The West Asia conflict has emerged as a major shock to the already fragile global recovery, with its effects increasingly visible across energy markets, supply chains, trade routes and global financial conditions.

Elevated energy, transportation and logistics costs have revived inflationary pressures and renewed stagflation concerns across major economies, it said.

Confronted with these pressures, major central banks are expected to maintain restrictive monetary policy stances for longer than previously anticipated, pushing sovereign bond yields in advanced economies to multi-year highs, it said.

Across emerging markets, the impact remains uneven; energy-importing economies face mounting pressures from currency depreciation, capital outflows, and higher import bills, while commodity exporters remain relatively better positioned, it said.

The report said the Indian economy maintained its growth momentum in April 2026, with E-way bill generation, PMI indices and electricity consumption remaining in expansionary territory.

However, the moderation in the Eight Core Industries Index and fuel consumption signals that global headwinds are gradually finding their way into select segments of domestic activity, it said.

On the inflation outlook, the report said, it warrants vigilance.

The current divergence between retail inflation and wholesale prices signals that upstream cost pressures are building, and the passthrough to consumers, while limited so far, may not be far behind, it added.

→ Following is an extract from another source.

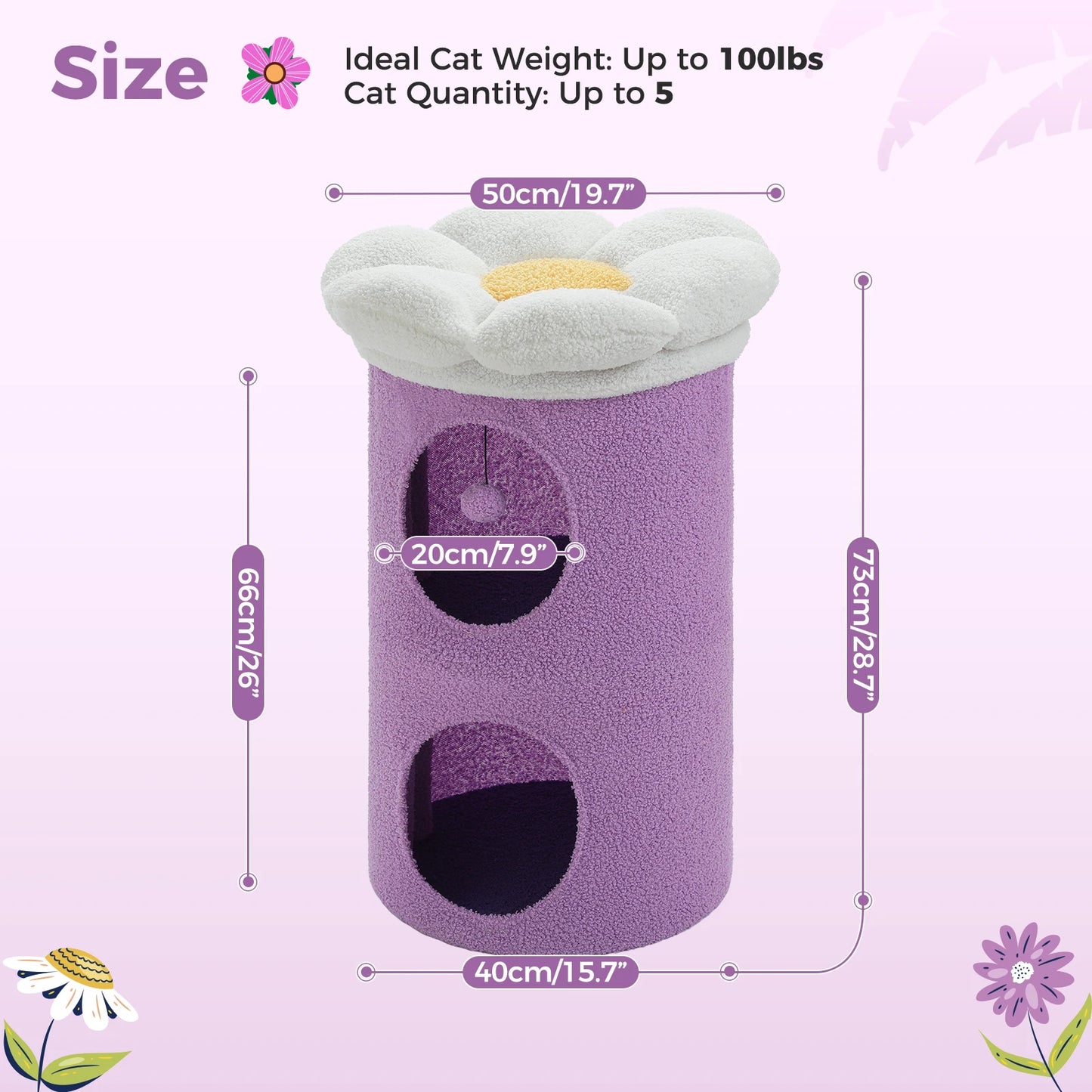 Double-Deck Cat House with Cozy Large Condos, Spacious Cat Bed with Luxury Flower Perch, Pompom Ball, Cat Furniture for Indoor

The recent hike in petrol and diesel prices may activate direct and indirect transmission channels, and any further escalation in energy prices could narrow the existing cushion more quickly than anticipated.

A deficient monsoon could add food price pressures on top of energy-driven ones. However, second-round effects and their persistence must be evident in the data for policy responses to be triggered, it said.

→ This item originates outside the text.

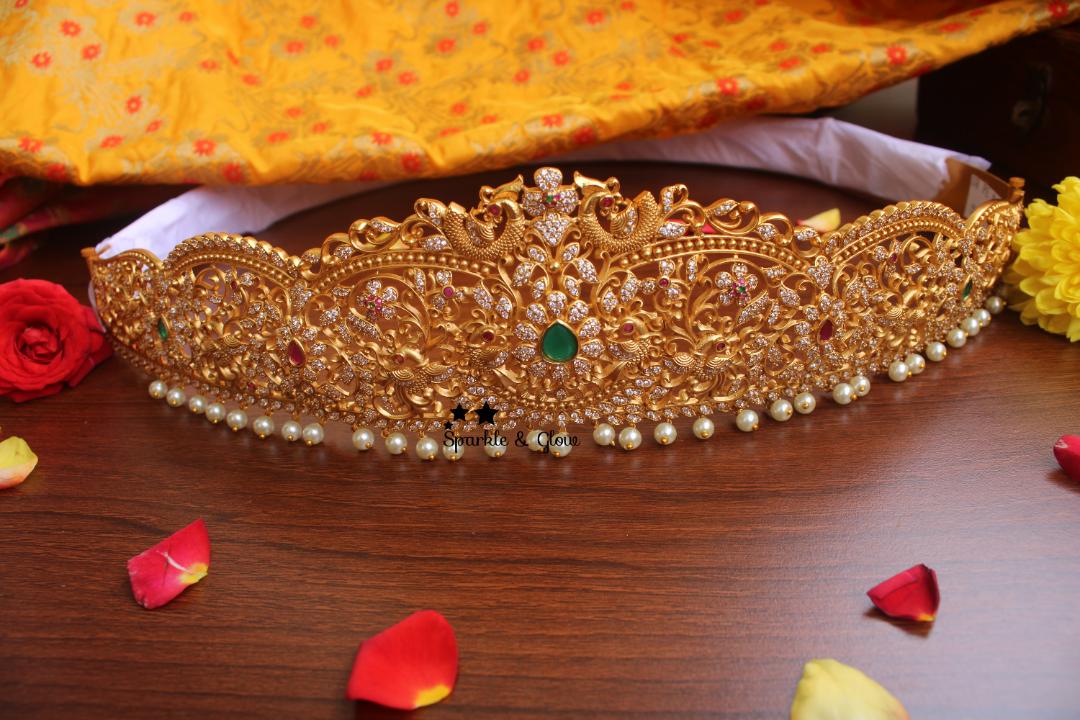 Premium quality matte cz stones peacock carved hipbelt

Looking ahead, the report said, the duration of the Strait of Hormuz disruption remains the single most consequential variable for India’s external and price outlook.

Should normalisation occur soon, it said, the conditions for a broader-based recovery, supported by strong services exports and sustained investment commitments, are in place.

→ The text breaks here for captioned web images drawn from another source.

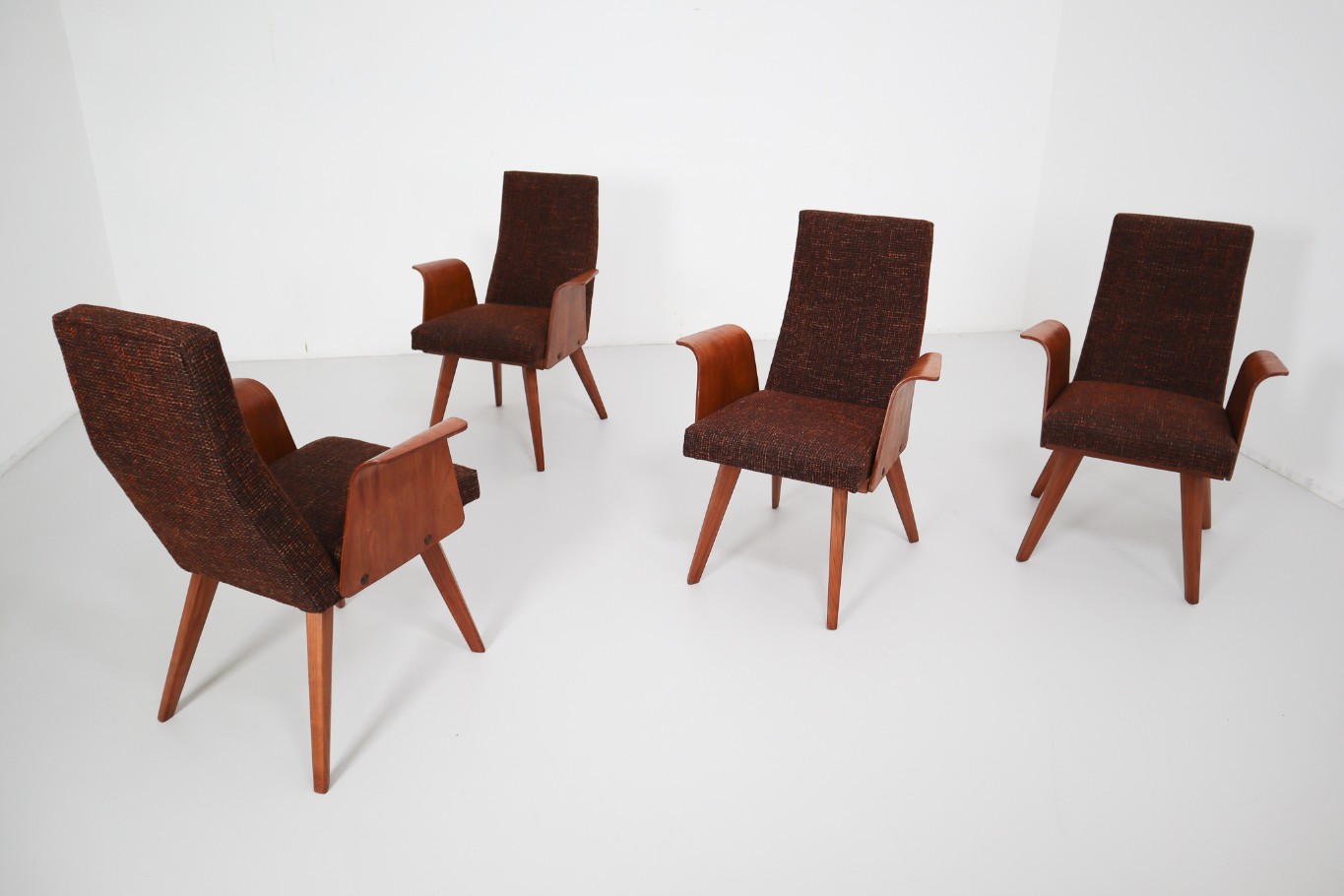 Modern Czech Brown Armchairs 1960 Mid-20th century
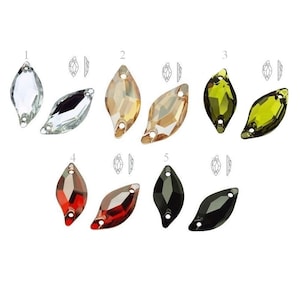 3254 Swarovski Kristalle Diamond Leaf Aufnäher 20 mm ideal für Ohrhaken und Anhänger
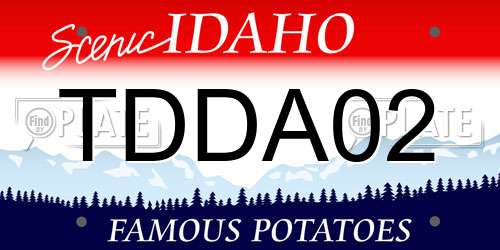 TDDA02 Idaho License Plate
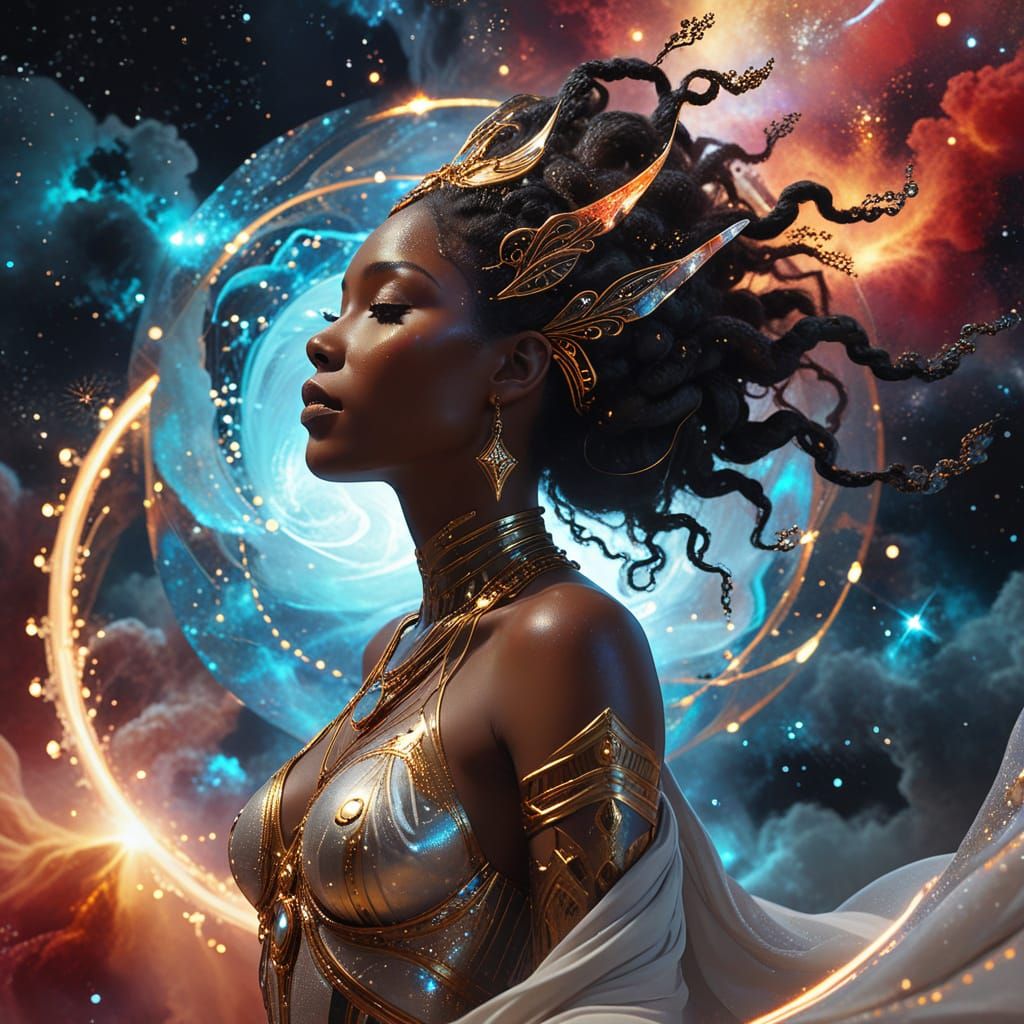 Cosmic Art Nouveau Goddess in Ethereal Light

“Policy will need to remain agile across monetary, fiscal, and structural dimensions to navigate this period of compounded uncertainty, external and climatic, while keeping medium-term growth objectives firmly in view,” it said.

Overall, India’s macroeconomic position in May 2026 reflects cautious resilience, it said, adding that strong services exports, adequate foreign exchange reserves and a stable labour market provide a firm foundation.

However, it said, the confluence of elevated global energy prices, a depreciating rupee, rising upstream cost pressures and the prospect of a below-normal monsoon calls for sustained policy vigilance.

Navigating FY27 will require agility across monetary, fiscal and structural dimensions to safeguard growth momentum and keep inflation durably anchored, even as the global environment remains uncertain, it added.